Stephanie Tornatore makes the most of the role of Fraulein Kost, who entertains a string of sailor-“nephews” in her bedroom, and morphs into a virulent Nazi supporter when the chance comes. Her acting is fine; her singing — in both German and English — is even better. As her counterpart, the Nazi organizer Ernst Ludwig,  Matt Austin gives one of the best performances I’ve seen from him in a while.

And then there are all those Kit Kat girls and boys, in turns tough, taunting and sexually aggressive — John Duron,  Samantha K. Gronwoldt,  Zachary Jackson,  Keenan Martin,  Caitlin Dawn Nolan,  Leila Noone, Janina Reiner,  Ryan Reynolds, Melanie Romano, Jessica Smith Carly Spaeth and Mariel Vincente — who create an atmosphere that is ominously authentic and delightful at the same time.

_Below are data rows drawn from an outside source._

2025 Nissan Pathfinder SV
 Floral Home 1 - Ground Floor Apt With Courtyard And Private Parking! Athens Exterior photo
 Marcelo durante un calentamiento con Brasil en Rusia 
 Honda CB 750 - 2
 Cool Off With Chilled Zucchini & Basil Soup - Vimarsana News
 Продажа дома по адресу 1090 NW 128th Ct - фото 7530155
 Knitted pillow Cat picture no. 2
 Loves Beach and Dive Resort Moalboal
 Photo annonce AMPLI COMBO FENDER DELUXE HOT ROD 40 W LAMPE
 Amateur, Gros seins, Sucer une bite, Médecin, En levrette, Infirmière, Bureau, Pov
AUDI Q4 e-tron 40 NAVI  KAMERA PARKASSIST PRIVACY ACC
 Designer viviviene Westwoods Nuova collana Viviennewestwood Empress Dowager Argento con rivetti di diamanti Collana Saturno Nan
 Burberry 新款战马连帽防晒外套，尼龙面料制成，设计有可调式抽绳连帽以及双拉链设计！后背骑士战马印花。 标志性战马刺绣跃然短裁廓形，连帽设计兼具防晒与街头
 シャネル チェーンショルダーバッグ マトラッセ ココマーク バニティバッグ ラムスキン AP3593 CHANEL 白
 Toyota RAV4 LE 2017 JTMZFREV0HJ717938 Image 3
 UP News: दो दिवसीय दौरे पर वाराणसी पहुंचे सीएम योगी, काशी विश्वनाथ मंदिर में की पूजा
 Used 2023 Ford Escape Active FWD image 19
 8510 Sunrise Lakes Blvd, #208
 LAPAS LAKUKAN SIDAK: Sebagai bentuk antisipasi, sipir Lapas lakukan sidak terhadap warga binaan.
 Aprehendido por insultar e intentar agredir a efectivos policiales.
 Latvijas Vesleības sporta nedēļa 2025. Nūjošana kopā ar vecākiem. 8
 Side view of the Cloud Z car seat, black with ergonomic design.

They must be having so much fun.

This is not a happy show. It is a show about a terrible time in history, a society falling apart, and relationships collapsing under the pressure. But it is a powerful piece of work, visually, dramatically and musically, and as I said at the beginning, given a brilliant interpretation by Burnett and his company.

Brookfield has been having some good seasons lately, and this staging of Cabaret is as good as it gets. Go get tickets while you can!

(Performances continue weekends until December 3. See the Enjoy Calendar, in print and online, for curtain and ticket details.)